Wird die Welt nach einem Krieg ein sicherer Ort sein? Das glauben nur wenige. Krieg löst keine Probleme, sondern Krieg schafft neue. Das glauben dagegen viele. Eine überwältigende Mehrheit der Deutschen lehnt daher einen Krieg gegen den Irak ab, auch bei uns in MecklenburgVorpommern. Die Menschen verkennen dabei nicht die Gefahr, die von Saddam Hussein ausgeht. Sie wissen, der Diktator hätte sich weit weniger bewegt ohne den massiven Druck der Vereinten Nationen. Eine überwältigende Mehrheit der Deutschen will aber, dass alle Möglichkeiten genutzt werden, um die Entwaffnung des Diktators auf friedlichem Wege zu vollziehen. Eine Zustimmung Deutschlands zu einer neuen UN-Resolution, mit der ein militärisches Vorgehen gegen den Irak legitimiert werden soll, wird von lediglich 15 Prozent der Deutschen befürwortet. Ich glaube, das ist deutlich.
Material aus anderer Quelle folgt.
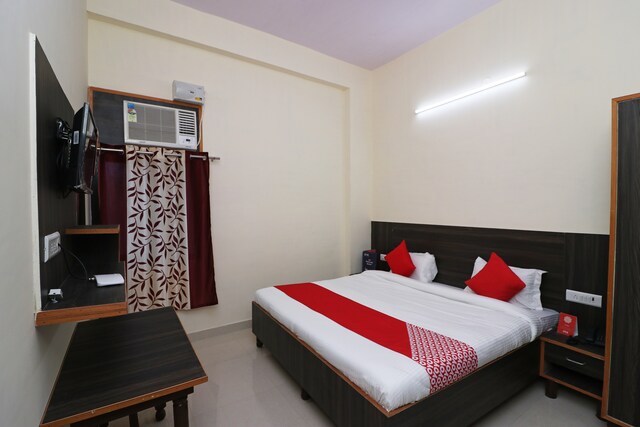 OYO Grand Sudershan HS - OYO Grand Sudershan HS, 30/6/20 J, Punjab and Sindh bank building, Grand Sudershan HS, Fatehabad Rd, opposite ITC Mughal, Tajganj, Agra, Uttar Pradesh 282001, India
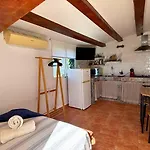 Markethome Plataneras 2 山林小屋 *
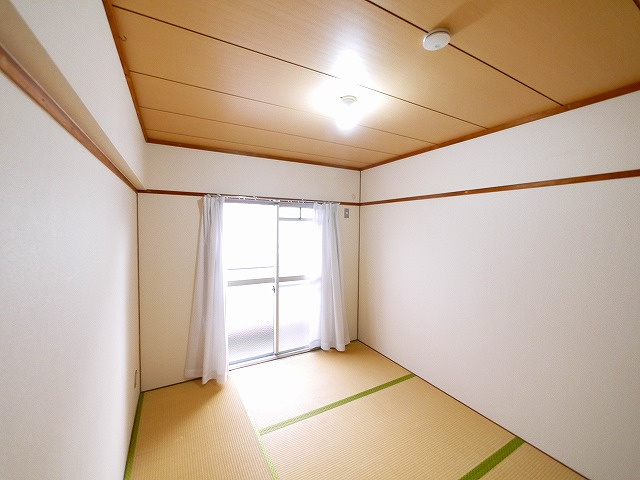 飯田マンションの和室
Meine Damen und Herren, gemeinsam mit Frankreich, Russland und mit anderen Staaten unternimmt die Bundesregierung alle Anstrengungen, um den Konflikt im Irak auf friedlichem Wege zu lösen. Darum kämpfen wir und dabei haben wir die Menschen hinter uns. Ich stelle die Frage: Gilt das auch für die Union? Es ist nicht klar erkennbar, was sie eigentlich will. In Fragen von Krieg und Frieden, glaube ich, darf man nicht lavieren nach dem Motto: „Augen zu und in der Mitte durch!“.
In Fragen von Krieg und Frieden muss Klartext gesprochen werden, deshalb bin ich froh, dass Gerhard Schröder Bundeskanzler ist und nicht Edmund Stoiber.
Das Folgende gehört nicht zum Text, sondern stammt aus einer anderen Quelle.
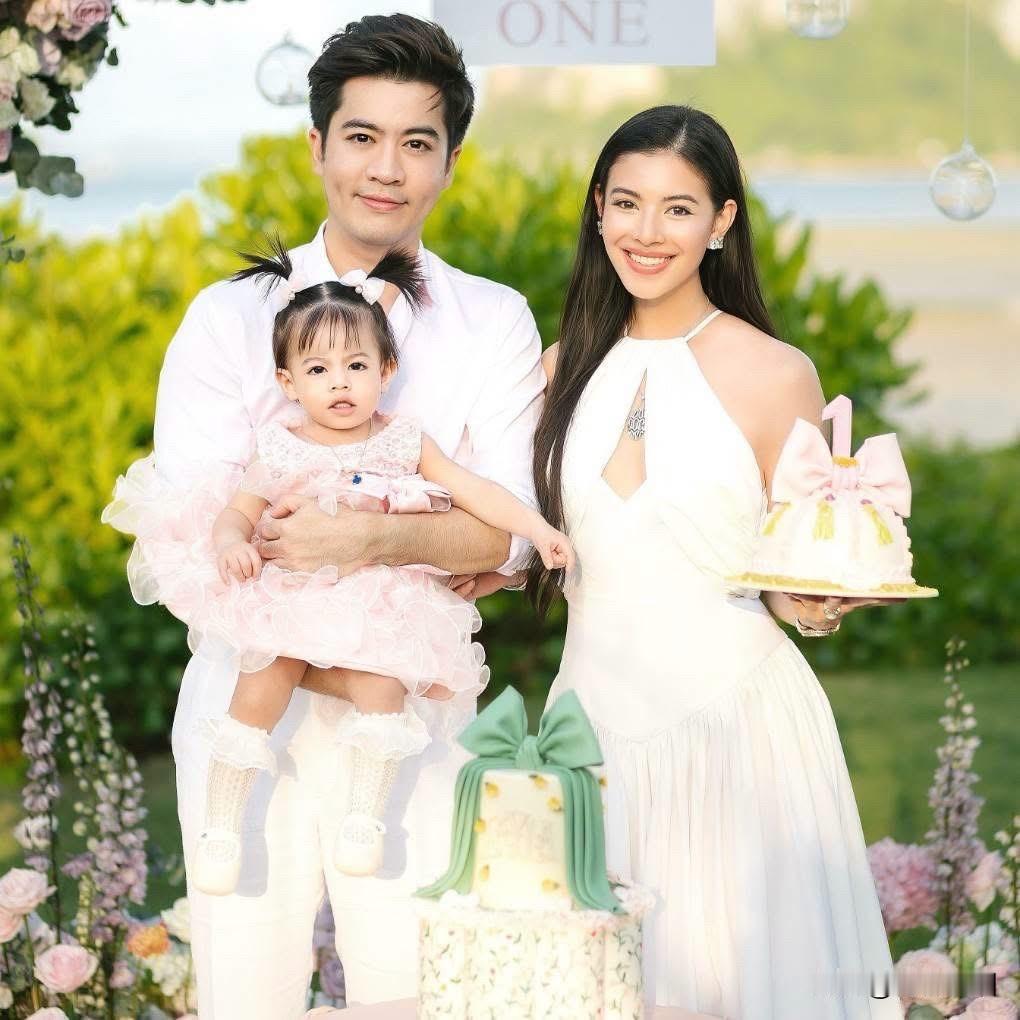 KatSonya夫妇的宝宝满1周岁了。。🎂🎂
Wo stehen Sie, meine Damen und Herren von der Union, wenn die USA ohne UN-Mandat in den Irak einmarschieren? Und was sagen Sie den Menschen bei uns in Mecklenburg-Vorpommern, wo eine große Mehrheit gegen eine militärische Intervention ist? Edmund Stoiber hat dazu erklärt, die Frage stelle sich noch nicht. Aber, meine Damen und Herren, die Frage wird sich bald stellen und spätestens dann – oder endlich dann – sollte auch die Union eine Meinung dazu haben.
Ich glaube, die Arbeit der UN-Inspekteure zeigt, dass eine friedliche Entwaffnung des Irak möglich ist. Sie ist
aufwendig und mühsam, aber sie ist möglich. Bagdad hätte viele der getroffenen Maßnahmen früher und bereitwilliger ergreifen können, das ist wahr, aber man darf doch nicht übersehen: In den letzten Wochen hat sich die Kooperation spürbar verbessert und das ist eine positive Entwicklung und diese Entwicklung muss weitergehen.
Außenminister Fischer hat in seiner Rede vor dem Sicherheitsrat der Vereinten Nationen am 7. März 2003 in New York darauf aufmerksam gemacht, dass die Inspektionen aber nicht endlos fortgesetzt werden können. Das Ziel der Abrüstung des Irak muss energisch und konsequent verfolgt werden. Er hat aber auch deutlich gemacht, dass angesichts der aktuellen Lage und der laufenden Fortschritte Deutschland keinerlei Notwendigkeit für eine zweite Resolution sieht. Und er hat zu Recht gefragt, warum man den eingeschlagenen Weg gerade jetzt verlassen will, wo die Inspektionen auf Grundlage der Resolution 1441 tragfähige Ergebnisse zeigen.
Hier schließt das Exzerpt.